How we got here: With consumers flush with cash thanks to fewer ways to spend their money and an influx of stimulus cash, many retail and tech companies experienced a huge boom earlier in the pandemic that drove them to rapidly add staff to keep up with demand.

  • Amazon, for example, nearly doubled the size of its workforce over the past two years. As a number of fulfillment center employees went on COVID-19-related leaves, the company hired new employees to cover those absences.
  • But as absences subsided, it quickly went from being understaffed to being overstaffed, which resulted in lower productivity that cost Amazon about $2 billion, said CFO Brian Olsavsky during the company’s earnings call.

A stark contrast: Cost-cutting moves offer stark counterexamples to a still-tight labor market in which many companies continue to struggle to hire enough workers.

  • The two situations are related as the tight labor market has boosted wages, which, in turn, has contributed to rising inflation.
  • To curb inflation, the US Federal Reserve aims to gently pump the brakes on the economy by steadily increasing interest rates throughout this year (including a 50-basis-point increase last week). That increases borrowing costs, which leads companies to hold off on investments.
  • At the same time, many retail companies are dealing with ongoing supply chain challenges and rising raw materials costs, which eats into their bottom lines and causes funding to dry up.

A tale of two growth trajectories: Slowing demand and growing digital ad and borrowing costs have quickly hindered many retailers’ growth trajectories.

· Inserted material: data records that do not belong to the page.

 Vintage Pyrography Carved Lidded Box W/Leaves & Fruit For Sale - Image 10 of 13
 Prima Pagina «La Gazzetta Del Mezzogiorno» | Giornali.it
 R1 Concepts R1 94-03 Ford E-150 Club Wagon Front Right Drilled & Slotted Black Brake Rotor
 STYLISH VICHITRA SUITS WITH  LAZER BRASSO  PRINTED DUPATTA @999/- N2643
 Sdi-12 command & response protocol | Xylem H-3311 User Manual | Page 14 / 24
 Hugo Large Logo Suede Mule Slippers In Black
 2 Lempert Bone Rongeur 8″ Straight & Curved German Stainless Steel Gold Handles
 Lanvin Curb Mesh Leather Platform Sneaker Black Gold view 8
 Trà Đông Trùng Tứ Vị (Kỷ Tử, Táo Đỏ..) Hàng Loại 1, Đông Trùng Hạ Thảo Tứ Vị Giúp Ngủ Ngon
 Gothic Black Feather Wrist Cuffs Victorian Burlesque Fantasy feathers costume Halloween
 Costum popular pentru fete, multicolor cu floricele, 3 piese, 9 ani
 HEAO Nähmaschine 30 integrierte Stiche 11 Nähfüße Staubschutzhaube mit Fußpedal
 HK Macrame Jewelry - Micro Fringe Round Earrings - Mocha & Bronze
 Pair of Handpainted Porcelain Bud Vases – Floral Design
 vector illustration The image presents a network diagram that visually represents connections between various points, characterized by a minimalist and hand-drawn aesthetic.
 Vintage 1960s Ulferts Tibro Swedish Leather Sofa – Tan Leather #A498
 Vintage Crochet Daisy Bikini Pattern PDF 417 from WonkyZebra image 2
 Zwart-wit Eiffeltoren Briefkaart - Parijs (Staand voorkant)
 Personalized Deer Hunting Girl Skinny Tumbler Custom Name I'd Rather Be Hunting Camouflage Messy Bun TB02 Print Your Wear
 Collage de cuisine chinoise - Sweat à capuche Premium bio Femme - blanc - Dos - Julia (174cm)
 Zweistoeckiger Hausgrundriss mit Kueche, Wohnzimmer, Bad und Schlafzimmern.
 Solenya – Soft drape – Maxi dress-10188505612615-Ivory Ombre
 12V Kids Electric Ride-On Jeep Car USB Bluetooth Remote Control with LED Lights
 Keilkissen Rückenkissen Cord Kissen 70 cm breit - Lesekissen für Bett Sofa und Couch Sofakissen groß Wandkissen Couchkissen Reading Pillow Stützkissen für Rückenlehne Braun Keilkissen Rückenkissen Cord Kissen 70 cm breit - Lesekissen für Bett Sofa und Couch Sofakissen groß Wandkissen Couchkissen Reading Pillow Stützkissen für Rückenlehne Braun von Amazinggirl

  • Take direct-to-consumer (D2C) ecommerce, where there’s a sharp dichotomy between established brands such as Nike and digitally native brands such as Peloton, Warby Parker, and the retail brands that Amazon aggregators like Thrasio purchase. While digitally native brands used cheap capital to build their businesses, they’re having trouble adapting to the new landscape. That helps explain why D2C ecommerce sales of established brands are now growing faster than those of digitally native vertical brands (DNVBs), per our estimate. Last year, established brands grew their D2C ecommerce sales 27.2%, significantly outpacing the DNVBs’ 19.8% growth rate despite larger baseline comparisons, and we expect that trend to continue in 2022.
  • The situation has driven Thrasio to lay off about 20% of its staff, Peloton to cut 20% of its corporate workforce, fast-delivery startup GoPuff to lay off 3% of its employees, and ghost-kitchen startup Reef to shed 5% of its workforce.
  • More layoffs and hiring freezes are likely to come in retail and other sectors. For example, Uber said it is cutting back on spending and will treat hiring as a privilege, while Meta ordered a hiring freeze amid slowing growth.

The big takeaway: It has been some time since there was a significant cost to borrowing money.

  • As those costs rise, companies have no choice but to pay heed to their bottom lines.